- **Image-text web data**
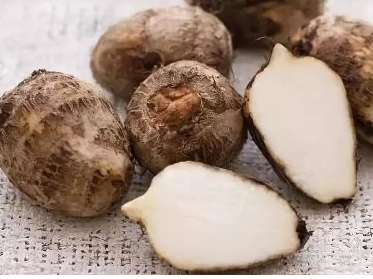 ��ֲ��ͷҪ�೤ʱ�� ��ͷ����������Ҫ��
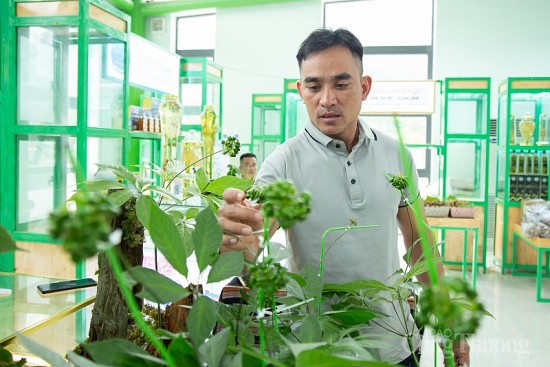 Một đại gia chốt mua cây sâm Ngọc Linh 9 nhánh, nặng gần 1 kg với giá 868 triệu đồng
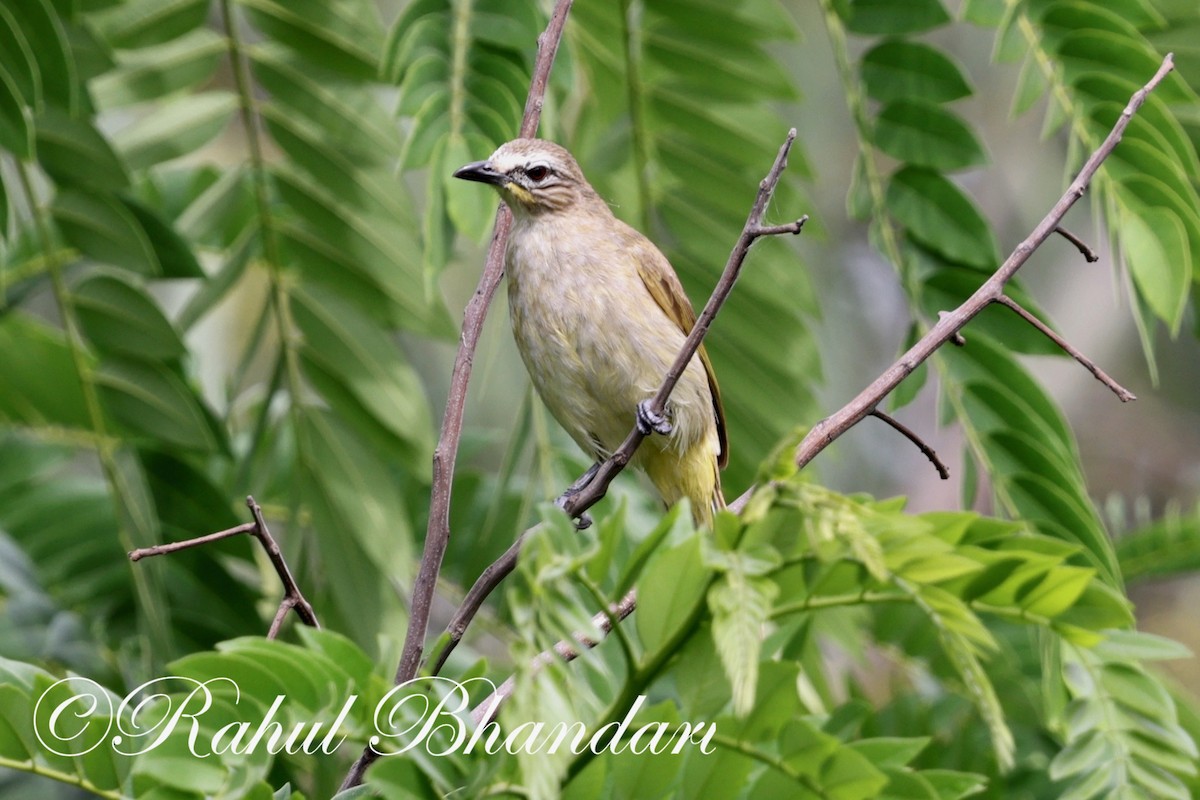 White-browed Bulbul - ML620561883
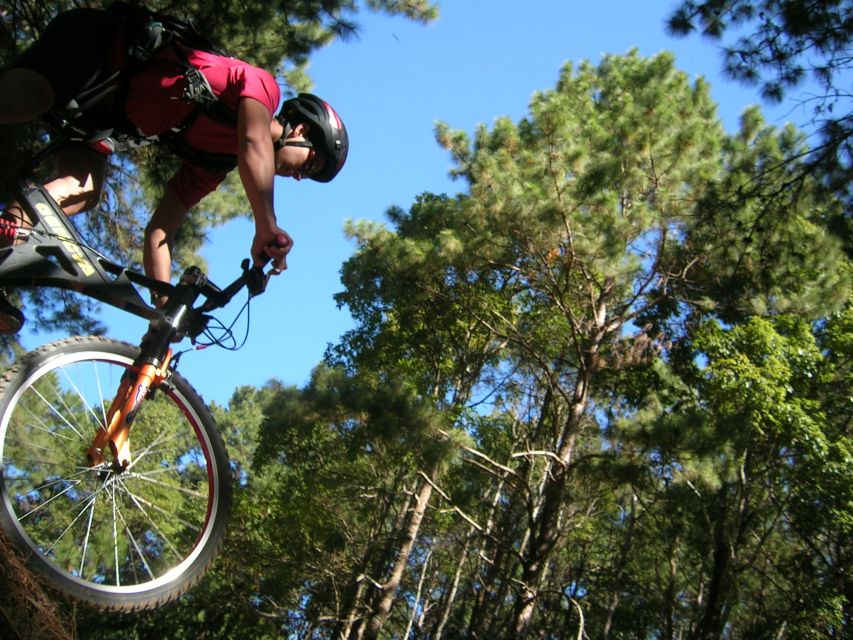 Chiang Mai: Doi Suthep National Park Leisure Hiking & Biking - Visiting Wat Phra That Doi Suthep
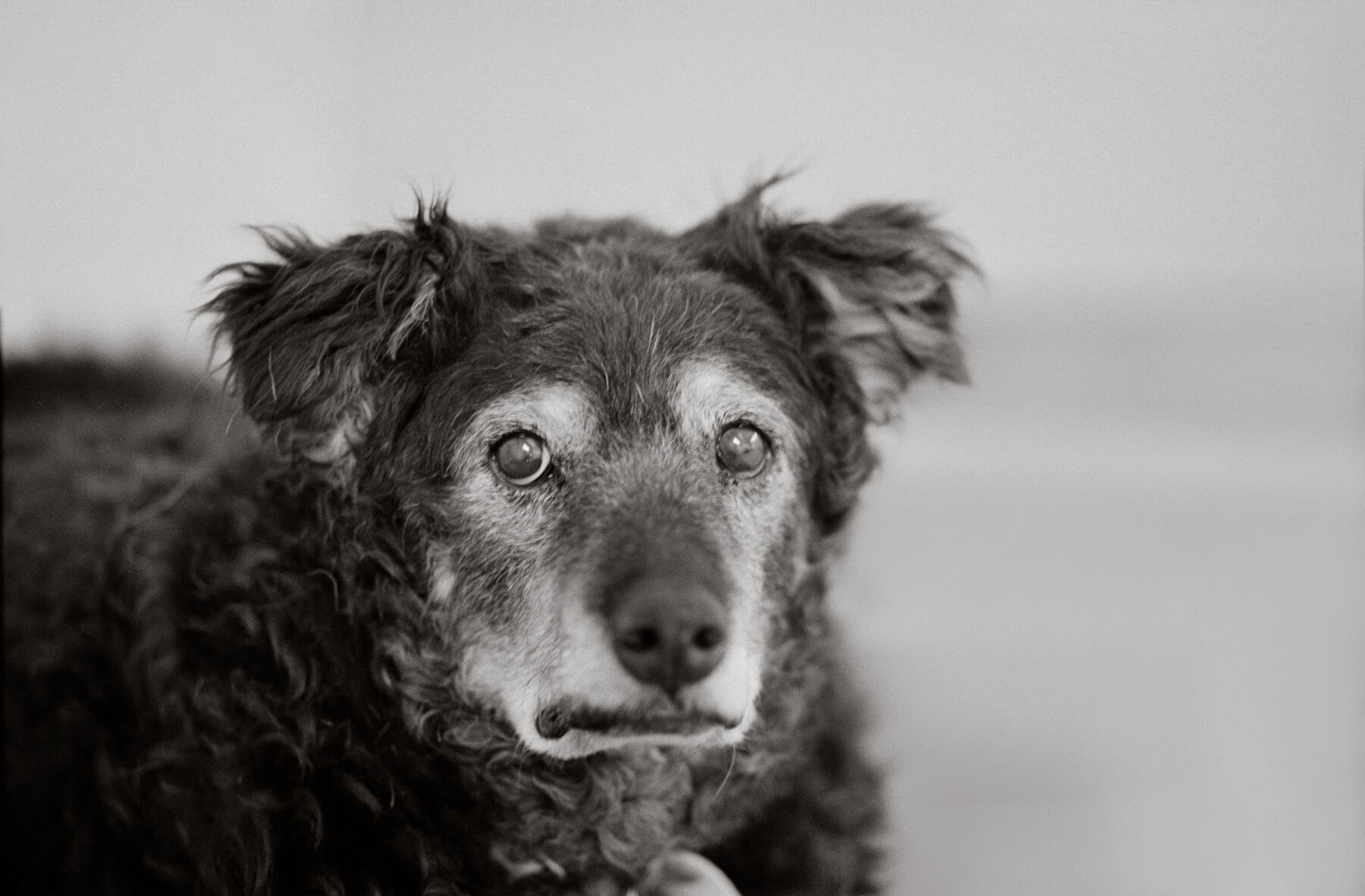 5 Dog Photographers Capture the Beauty of Elderly Dogs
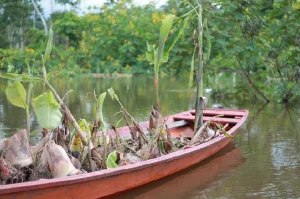 Leia mais sobre o artigo Produção agrícola no AM tem prejuízo de R$ 60 milhões por conta de cheia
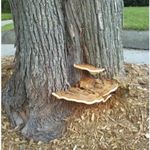 Ganoderma Ganoderma, a genus of polyspore mushrooms that grow on wood and include about 80 different species, many from tropical areas.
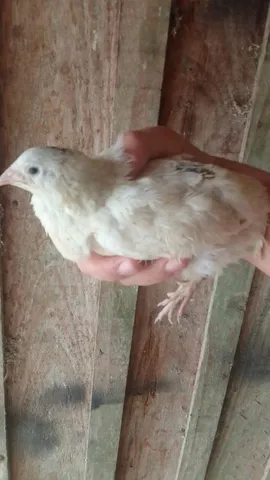 Vendo Ovos Galados de Codornas Gigantes 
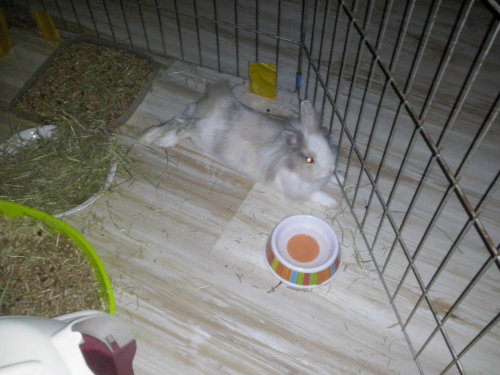 CAM00402.jpg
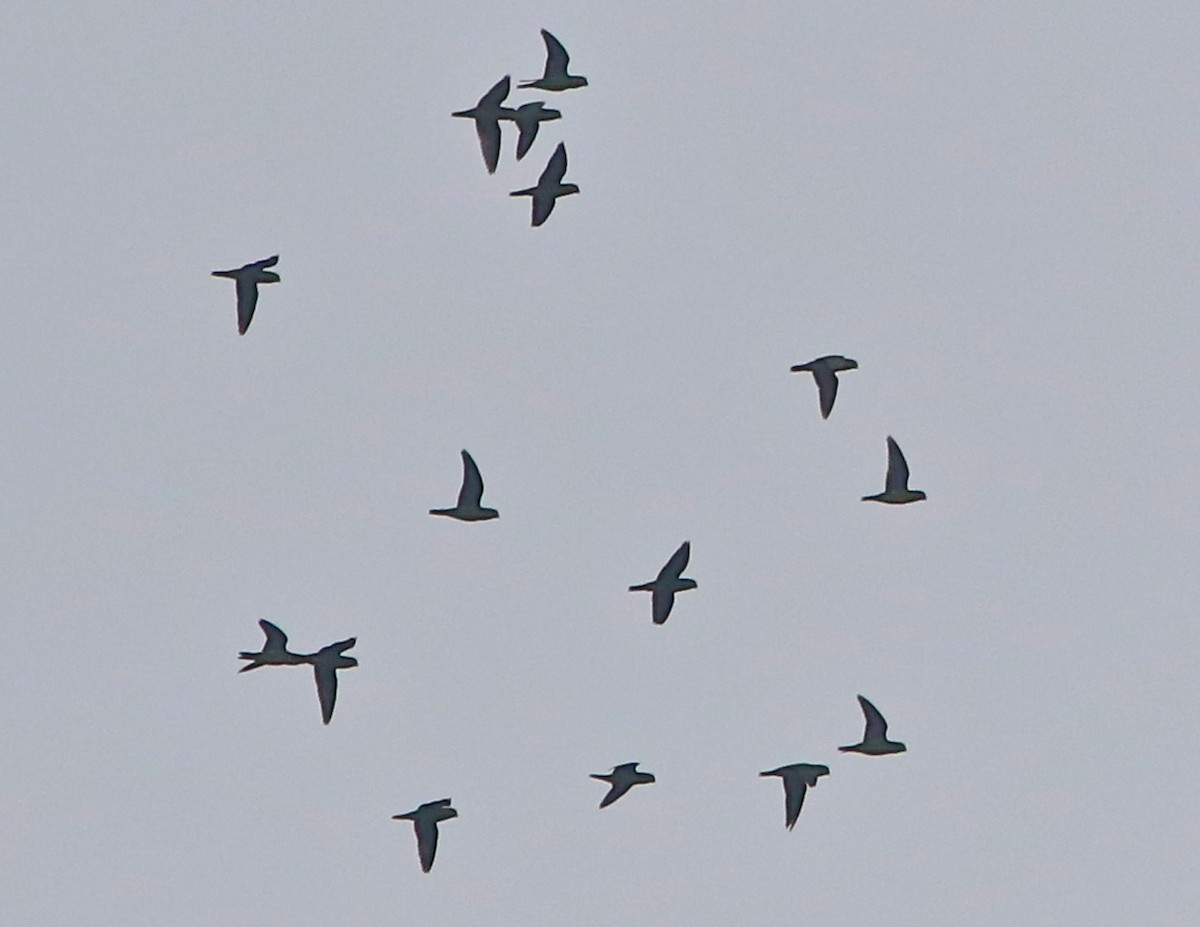 Blue-collared Parrot - Don Roberson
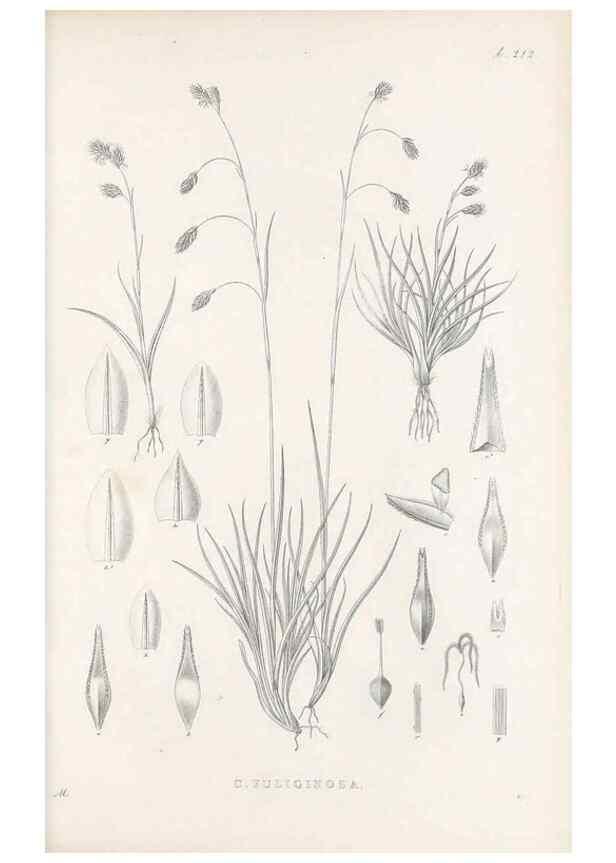 Reproducción/Reproduction 48683003321: Illustrations of the genus Carex. London :William Pamplin,1858-1867.. 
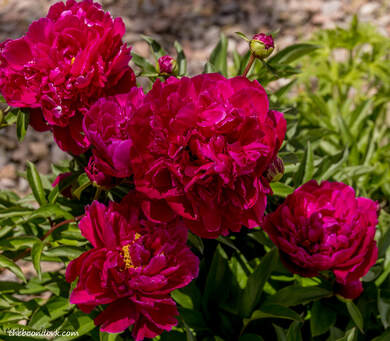 Red peonies Picture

- **What is expected**
Output an exact copy of the lines from the one with "Ganoderma Ganoderma, a" through the closing line of the records, inclusive, without any images.

- **Solution for this task**
 Ganoderma Ganoderma, a genus of polyspore mushrooms that grow on wood and include about 80 different species, many from tropical areas.
 Vendo Ovos Galados de Codornas Gigantes 
 CAM00402.jpg
 Blue-collared Parrot - Don Roberson
 Reproducción/Reproduction 48683003321: Illustrations of the genus Carex. London :William Pamplin,1858-1867.. 
 Red peonies Picture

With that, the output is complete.